(Stored data entries)
=-=-=-=-=

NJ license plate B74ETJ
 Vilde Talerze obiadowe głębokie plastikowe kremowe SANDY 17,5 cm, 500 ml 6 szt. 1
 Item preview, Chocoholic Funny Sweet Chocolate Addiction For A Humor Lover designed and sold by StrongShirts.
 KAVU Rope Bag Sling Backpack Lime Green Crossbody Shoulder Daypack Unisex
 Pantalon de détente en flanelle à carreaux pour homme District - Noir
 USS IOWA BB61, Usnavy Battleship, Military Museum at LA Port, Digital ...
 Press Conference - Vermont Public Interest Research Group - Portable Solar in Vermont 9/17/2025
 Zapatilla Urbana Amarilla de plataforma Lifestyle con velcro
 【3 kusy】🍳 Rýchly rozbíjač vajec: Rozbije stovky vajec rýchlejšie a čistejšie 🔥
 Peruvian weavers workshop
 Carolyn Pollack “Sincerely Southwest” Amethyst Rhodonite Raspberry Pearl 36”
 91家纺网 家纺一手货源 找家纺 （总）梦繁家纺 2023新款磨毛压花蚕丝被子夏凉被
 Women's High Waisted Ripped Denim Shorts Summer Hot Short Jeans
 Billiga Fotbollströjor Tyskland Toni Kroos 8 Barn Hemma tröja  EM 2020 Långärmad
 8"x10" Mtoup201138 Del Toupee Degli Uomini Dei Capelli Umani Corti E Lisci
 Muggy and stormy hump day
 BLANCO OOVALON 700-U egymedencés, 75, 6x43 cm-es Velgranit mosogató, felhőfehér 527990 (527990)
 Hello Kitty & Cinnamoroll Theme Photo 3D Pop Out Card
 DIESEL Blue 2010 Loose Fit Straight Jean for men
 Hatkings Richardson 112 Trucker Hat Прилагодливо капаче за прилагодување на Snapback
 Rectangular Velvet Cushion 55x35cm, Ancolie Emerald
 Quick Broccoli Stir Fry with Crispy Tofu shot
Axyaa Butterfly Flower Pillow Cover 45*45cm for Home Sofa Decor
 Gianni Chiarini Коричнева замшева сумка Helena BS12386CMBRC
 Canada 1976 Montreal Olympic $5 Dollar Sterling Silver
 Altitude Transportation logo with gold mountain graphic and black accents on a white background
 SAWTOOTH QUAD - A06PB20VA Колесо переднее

=-=-=-=-=

→ **Problem to work on**:
The data above must be returned in full, exactly as written.

→ **Answer section**:
NJ license plate B74ETJ
 Vilde Talerze obiadowe głębokie plastikowe kremowe SANDY 17,5 cm, 500 ml 6 szt. 1
 Item preview, Chocoholic Funny Sweet Chocolate Addiction For A Humor Lover designed and sold by StrongShirts.
 KAVU Rope Bag Sling Backpack Lime Green Crossbody Shoulder Daypack Unisex
 Pantalon de détente en flanelle à carreaux pour homme District - Noir
 USS IOWA BB61, Usnavy Battleship, Military Museum at LA Port, Digital ...
 Press Conference - Vermont Public Interest Research Group - Portable Solar in Vermont 9/17/2025
 Zapatilla Urbana Amarilla de plataforma Lifestyle con velcro
 【3 kusy】🍳 Rýchly rozbíjač vajec: Rozbije stovky vajec rýchlejšie a čistejšie 🔥
 Peruvian weavers workshop
 Carolyn Pollack “Sincerely Southwest” Amethyst Rhodonite Raspberry Pearl 36”
 91家纺网 家纺一手货源 找家纺 （总）梦繁家纺 2023新款磨毛压花蚕丝被子夏凉被
 Women's High Waisted Ripped Denim Shorts Summer Hot Short Jeans
 Billiga Fotbollströjor Tyskland Toni Kroos 8 Barn Hemma tröja  EM 2020 Långärmad
 8"x10" Mtoup201138 Del Toupee Degli Uomini Dei Capelli Umani Corti E Lisci
 Muggy and stormy hump day
 BLANCO OOVALON 700-U egymedencés, 75, 6x43 cm-es Velgranit mosogató, felhőfehér 527990 (527990)
 Hello Kitty & Cinnamoroll Theme Photo 3D Pop Out Card
 DIESEL Blue 2010 Loose Fit Straight Jean for men
 Hatkings Richardson 112 Trucker Hat Прилагодливо капаче за прилагодување на Snapback
 Rectangular Velvet Cushion 55x35cm, Ancolie Emerald
 Quick Broccoli Stir Fry with Crispy Tofu shot
Axyaa Butterfly Flower Pillow Cover 45*45cm for Home Sofa Decor
 Gianni Chiarini Коричнева замшева сумка Helena BS12386CMBRC
 Canada 1976 Montreal Olympic $5 Dollar Sterling Silver
 Altitude Transportation logo with gold mountain graphic and black accents on a white background
 SAWTOOTH QUAD - A06PB20VA Колесо переднее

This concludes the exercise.